This post is a short R demonstration on how to make fake data from three statistical models. All models are different in that each model is usually taught or encountered in a different context. But they are all the same because each model involves the generation of a “latent” normal random variable.

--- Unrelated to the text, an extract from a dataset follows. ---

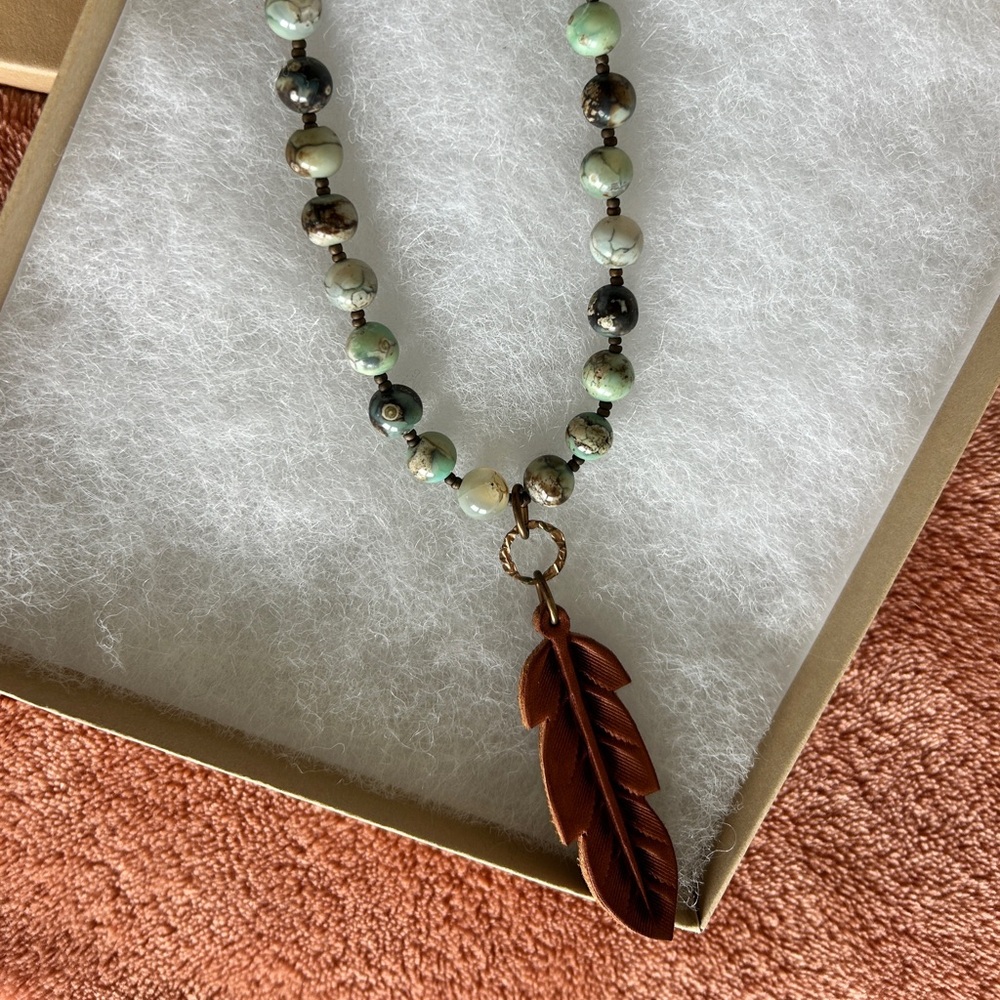 Elegant Beaded Necklace with Leather Feather Pendant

I am struck by the ubiquity of the latent random normal variable. It is useful for
- Time series data (Model 1)
- Distance correlated data (Model 2)
- clustered data (Model 3)
library(MASS)
library(ggplot2)
theme_set(theme_bw(base_size = 16))
Model 1
Random draw from a multi-normal with a time-series like correlation matrix:
n <- 100
x <- seq(0, 1, length = n)
Sigma <- .7 ^ as.matrix(dist(x))
y <- mvrnorm(1, mu = rep(0,n), Sigma = Sigma)
dat1 <- data.frame(x, y)
ggplot(dat1, aes(x, y)) +
geom_line() +
ggtitle("Example Time Series")
Model 2
Random draw from a multi-normal with the ‘usual’ correlation matrix:
x <- seq(0, 10, length = n)
d <- as.matrix(dist(x)) ^ 2
Sigma <- exp(-d)
y <- mvrnorm(1, mu = rep(0, n), Sigma=Sigma)
dat2 <- data.frame(x = x, y = y)
ggplot(dat2, aes(x, y)) +
geom_line() +
ggtitle("Example Gaussian Process")
Model 3
Random draw from a multi-normal matrix (no correlations)
b0 <- 1
var_b <- 1
n_re <- 10
D_re <- model.matrix( ~ gl(n_re, n / n_re) - 1)

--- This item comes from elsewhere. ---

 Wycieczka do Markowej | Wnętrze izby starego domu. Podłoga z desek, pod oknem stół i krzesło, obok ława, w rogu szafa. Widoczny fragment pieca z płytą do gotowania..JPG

b <- mvrnorm(1, rep(0, n_re),
Sigma = var_b * diag(rep(1, n_re)))
y <- b0 + D_re %*% b + rnorm(n)
dat3 <- data.frame(Factor = gl(n_re, n / n_re), y = y)

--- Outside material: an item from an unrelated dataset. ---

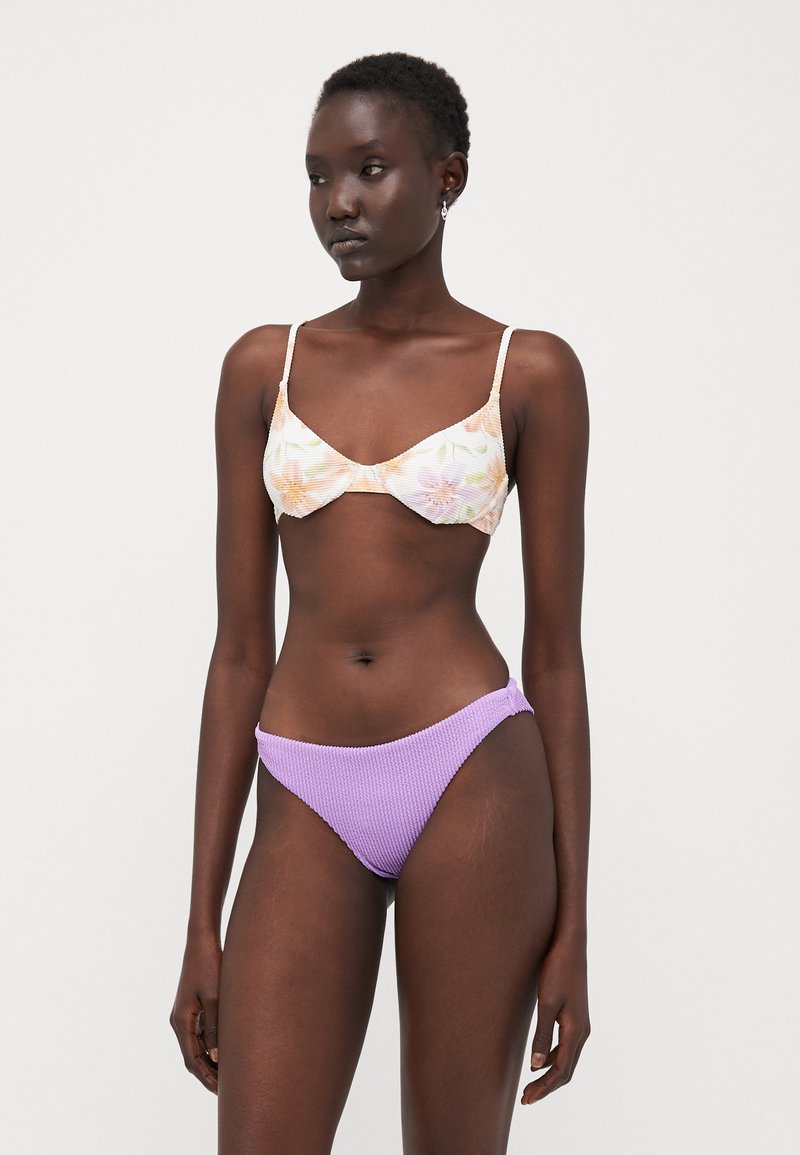 Top bikini floreale con parte inferiore in lavanda texture. Il top presenta coppe morbide e spalline sottili, mentre la parte inferiore ha un motivo a coste.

ggplot(dat3, aes(x = Factor, y)) +
geom_point(position = position_jitter(width = 0.1)) +
ggtitle("Example Random Effect Data")
In a sense, I might just call all of these models “random effects” models, because the glmmTMB package can estimate parameters for all of these situations.